La mia scalata al Monte Salario

Laureato, 37 anni: ho percorso l’intera strada dello sfruttamento per arrivare a uno stipendio, comunque insufficiente per costruire una vita dignitosa

Io sono Marco, ho 37 anni, sono laureato, e posso tranquillamente dire di aver percorso tutta la scala di sfruttamento che un giovane deve sopportare prima di arrivare comunque a un salario adeguato, ma comunque insufficiente da permettere la costruzione di una vita dignitosa.

Comincio a raccontarvi l’ascesa verso un tanto agognato monte, il Monte Salario, situato nella Catena Montuosa del Lavoro, che si trova precisamente nella Valle della Dignità. Da giovane laureato in archeologia mi viene proposto un tirocinio retribuito, con possibilità d’inserimento, in un famoso studio di architettura che fa allestimenti museali.

Tra me e me penso: beh, se comincia così sarà un’ascesa facile, quasi una passeggiata. Peccato che in un anno e mezzo non abbia ricevuto alcun rimborso, e che l’aspettativa d’inserimento si sia chiusa davanti a un caffè con un secco “vorrei, ma non posso”. Mi dico: beh, dai, è pur sempre una montagna, sono all’inizio del percorso, un po’ di salita ci sta. La Catena Montuosa del Lavoro è caratterizzata da una rigogliosa boscaglia: entro quindi nel Bosco dei Colloqui e delle Agenzie.

Durante uno di questi, alla fine dell’intervista, per un posto di scaffalonista mi viene chiesto se avessi tatuaggi, e alla mia risposta negativa mi viene suggerito di mostrare braccia e torso per verificare la veridicità delle mie affermazioni.

Dopo qualche tempo vengo chiamato da un call center, mi selezionano e comincio questa nuova avventura. Le premesse erano buone: pagamento a contratto firmato e fisso orario. Mi dico: beh, dai, si sale, però almeno lo faccio all’ombra e al fresco. Peccato, però, che il fisso orario si aggirasse sui due euro e che spesso e volentieri i contratti firmati non corrispondevano a quelli effettivamente pagati.

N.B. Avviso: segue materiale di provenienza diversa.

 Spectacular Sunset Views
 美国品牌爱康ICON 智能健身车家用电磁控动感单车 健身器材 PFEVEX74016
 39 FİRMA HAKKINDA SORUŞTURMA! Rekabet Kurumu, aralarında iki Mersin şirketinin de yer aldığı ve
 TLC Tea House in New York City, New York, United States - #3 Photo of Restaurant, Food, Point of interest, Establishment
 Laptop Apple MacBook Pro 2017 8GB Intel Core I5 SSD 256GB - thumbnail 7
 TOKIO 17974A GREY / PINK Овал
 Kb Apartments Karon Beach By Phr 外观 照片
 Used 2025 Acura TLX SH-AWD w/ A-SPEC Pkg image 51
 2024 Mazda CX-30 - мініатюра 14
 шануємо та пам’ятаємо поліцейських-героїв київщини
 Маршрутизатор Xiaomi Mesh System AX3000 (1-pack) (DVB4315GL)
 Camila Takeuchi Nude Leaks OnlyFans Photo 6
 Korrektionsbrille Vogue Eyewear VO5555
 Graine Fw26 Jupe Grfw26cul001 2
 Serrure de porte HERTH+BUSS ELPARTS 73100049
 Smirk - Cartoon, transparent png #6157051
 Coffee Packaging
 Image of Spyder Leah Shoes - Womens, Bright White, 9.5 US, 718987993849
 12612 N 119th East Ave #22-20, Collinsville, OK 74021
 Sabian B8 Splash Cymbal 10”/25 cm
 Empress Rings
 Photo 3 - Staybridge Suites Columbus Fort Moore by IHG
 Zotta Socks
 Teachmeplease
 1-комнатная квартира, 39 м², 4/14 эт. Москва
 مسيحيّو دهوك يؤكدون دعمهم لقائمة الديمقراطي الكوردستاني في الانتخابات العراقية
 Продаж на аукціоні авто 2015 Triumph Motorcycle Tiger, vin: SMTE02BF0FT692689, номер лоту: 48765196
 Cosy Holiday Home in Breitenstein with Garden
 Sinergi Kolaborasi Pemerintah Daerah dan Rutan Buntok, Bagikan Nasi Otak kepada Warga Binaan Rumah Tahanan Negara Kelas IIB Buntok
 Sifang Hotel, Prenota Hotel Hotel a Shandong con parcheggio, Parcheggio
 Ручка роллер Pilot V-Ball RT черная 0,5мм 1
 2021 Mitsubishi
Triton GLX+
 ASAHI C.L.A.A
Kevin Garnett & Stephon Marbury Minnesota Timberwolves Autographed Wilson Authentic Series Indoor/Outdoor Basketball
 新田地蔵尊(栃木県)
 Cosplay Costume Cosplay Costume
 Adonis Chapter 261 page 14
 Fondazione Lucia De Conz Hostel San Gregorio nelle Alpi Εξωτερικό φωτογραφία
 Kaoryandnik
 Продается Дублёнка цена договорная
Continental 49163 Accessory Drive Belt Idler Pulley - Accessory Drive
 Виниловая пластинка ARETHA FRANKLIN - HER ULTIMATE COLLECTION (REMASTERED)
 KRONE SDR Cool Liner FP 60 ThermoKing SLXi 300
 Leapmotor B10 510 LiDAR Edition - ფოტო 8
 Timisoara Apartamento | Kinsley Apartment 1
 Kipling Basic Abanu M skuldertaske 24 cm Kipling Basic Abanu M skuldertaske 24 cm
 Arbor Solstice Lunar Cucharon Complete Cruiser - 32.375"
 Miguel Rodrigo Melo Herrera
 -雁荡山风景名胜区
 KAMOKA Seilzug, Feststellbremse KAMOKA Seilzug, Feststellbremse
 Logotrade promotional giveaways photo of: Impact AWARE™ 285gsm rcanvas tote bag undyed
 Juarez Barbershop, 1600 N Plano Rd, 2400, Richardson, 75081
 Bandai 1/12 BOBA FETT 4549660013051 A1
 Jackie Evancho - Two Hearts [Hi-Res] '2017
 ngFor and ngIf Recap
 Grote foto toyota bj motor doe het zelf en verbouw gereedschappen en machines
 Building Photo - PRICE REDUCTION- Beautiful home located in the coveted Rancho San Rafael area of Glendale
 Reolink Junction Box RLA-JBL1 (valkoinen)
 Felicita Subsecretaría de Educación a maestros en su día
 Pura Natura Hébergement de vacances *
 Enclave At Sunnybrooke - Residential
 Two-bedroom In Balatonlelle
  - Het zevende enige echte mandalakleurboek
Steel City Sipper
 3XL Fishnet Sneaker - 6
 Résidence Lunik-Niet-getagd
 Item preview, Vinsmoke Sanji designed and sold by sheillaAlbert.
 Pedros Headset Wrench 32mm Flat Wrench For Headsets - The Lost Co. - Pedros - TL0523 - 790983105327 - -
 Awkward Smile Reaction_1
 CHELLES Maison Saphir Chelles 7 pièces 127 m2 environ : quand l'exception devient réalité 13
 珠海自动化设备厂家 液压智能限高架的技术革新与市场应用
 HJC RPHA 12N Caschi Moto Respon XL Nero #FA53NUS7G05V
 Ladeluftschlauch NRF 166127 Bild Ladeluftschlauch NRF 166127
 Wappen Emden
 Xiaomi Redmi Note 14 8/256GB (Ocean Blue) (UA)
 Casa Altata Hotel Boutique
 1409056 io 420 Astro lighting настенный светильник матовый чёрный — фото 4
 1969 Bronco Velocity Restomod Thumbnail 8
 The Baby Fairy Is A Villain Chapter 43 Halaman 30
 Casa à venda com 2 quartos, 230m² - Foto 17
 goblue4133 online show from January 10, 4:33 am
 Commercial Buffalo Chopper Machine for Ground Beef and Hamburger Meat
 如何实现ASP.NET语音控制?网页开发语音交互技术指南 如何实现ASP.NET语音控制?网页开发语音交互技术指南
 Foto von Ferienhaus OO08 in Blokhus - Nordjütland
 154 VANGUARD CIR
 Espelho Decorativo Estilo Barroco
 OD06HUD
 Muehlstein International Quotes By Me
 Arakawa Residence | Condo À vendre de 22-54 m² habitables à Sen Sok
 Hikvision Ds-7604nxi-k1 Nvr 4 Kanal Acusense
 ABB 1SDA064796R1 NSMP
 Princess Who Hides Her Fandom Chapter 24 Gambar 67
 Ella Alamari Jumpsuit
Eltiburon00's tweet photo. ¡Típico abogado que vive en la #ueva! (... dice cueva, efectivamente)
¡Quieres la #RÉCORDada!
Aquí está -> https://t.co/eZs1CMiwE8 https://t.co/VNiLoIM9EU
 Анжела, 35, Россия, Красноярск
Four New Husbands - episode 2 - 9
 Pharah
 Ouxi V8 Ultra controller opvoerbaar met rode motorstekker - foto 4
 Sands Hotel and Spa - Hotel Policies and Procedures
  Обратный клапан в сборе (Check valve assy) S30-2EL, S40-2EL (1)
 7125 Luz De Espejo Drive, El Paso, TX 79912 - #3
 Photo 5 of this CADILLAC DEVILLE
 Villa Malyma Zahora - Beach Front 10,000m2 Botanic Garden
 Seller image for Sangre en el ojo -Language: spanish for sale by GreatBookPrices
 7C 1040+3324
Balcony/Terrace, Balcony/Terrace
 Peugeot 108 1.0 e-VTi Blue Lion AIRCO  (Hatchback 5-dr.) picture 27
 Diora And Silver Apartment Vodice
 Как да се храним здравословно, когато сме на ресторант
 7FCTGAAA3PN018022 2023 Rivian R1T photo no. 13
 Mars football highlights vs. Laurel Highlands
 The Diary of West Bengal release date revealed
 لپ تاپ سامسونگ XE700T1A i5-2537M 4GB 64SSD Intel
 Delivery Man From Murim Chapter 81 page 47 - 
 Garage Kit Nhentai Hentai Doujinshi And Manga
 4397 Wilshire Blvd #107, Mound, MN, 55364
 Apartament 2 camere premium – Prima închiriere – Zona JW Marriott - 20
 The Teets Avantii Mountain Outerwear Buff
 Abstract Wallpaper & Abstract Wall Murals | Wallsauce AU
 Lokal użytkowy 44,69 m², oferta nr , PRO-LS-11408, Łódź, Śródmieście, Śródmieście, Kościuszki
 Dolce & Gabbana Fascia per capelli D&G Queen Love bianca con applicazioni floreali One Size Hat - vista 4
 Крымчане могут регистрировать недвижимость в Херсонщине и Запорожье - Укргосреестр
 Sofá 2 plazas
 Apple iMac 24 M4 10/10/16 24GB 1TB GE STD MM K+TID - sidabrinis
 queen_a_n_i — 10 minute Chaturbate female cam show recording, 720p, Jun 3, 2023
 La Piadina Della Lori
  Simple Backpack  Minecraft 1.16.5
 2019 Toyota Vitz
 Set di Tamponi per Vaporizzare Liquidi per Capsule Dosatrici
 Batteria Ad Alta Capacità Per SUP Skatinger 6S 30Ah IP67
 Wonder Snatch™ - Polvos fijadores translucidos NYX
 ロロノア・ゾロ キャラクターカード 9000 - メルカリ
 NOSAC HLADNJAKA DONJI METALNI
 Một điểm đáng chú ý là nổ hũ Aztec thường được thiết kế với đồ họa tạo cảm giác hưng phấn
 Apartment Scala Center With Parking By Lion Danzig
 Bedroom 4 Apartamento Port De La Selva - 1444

Decido quindi di aumentare il passo, nonostante la salita cominciasse a essere sempre più ardua. Lascio alle spalle il call center e riesco dopo qualche mese e diversi colloqui a trovare un buon lavoro. Entro in una piccola ma rampante azienda farmaceutica. Dopo pochi mesi di assunzione il contratto lo trasformano a tempo indeterminato: stipendio buono, in linea con il ccnl di riferimento, e addirittura qualche premio una tantum. Penso: beh, forse comincio a essere in quota e a vedere la vetta.

E invece no. Quella che sembrava essere un’azienda illuminata dimostra al suo interno la più becera mentalità imprenditoriale, fatta di straordinari non pagati e trattamenti estremamente soggettivi in base a quanto si risulti simpatici (o meno) ai capi. Dopo qualche anno passiamo in mano a una multinazionale. Mi dico: alla fine però, dai, c’è stabilità. E invece no. Rischiamo la delocalizzazione, si parla di chiusura un giorno sì e l’altro pure per tre anni. Sono stanco. E mi dico: ammazza, ma quanto dura la salita, e dove sta questa vetta.

Sto per mollare, quando, invece, vedo qualcosa lassù in alto. L’azienda che ci ha acquistati decide di investire: non si chiude più, addirittura ci adeguano il contratto a quello degli altri colleghi del gruppo. Lo stipendio aumenta pure un po’ per via del cambio contratto, c’è il premio di produzione, il welfare e addirittura lo straordinario pagato.

Ops, mi sono dimenticato di dire che nel frattempo ci siamo sindacalizzati, sono diventato anche Rsa, e siamo riusciti a ottenere tanti risultati che mi hanno fatto vedere il Monte Salario quanto meno più vicino. È come se nel corso della salita avessi trovato un compagno che, vedendomi in difficoltà, mi presta un bastoncino per affrontare meglio la salita. So di non essere arrivato in vetta. Anzi, so che ci saranno ancora tante salite, ma sono consapevole che non sarò solo ad affrontarle e che cercherò di fare il massimo per arrivare a un salario che mi permetta una vita equilibrata e dignitosa.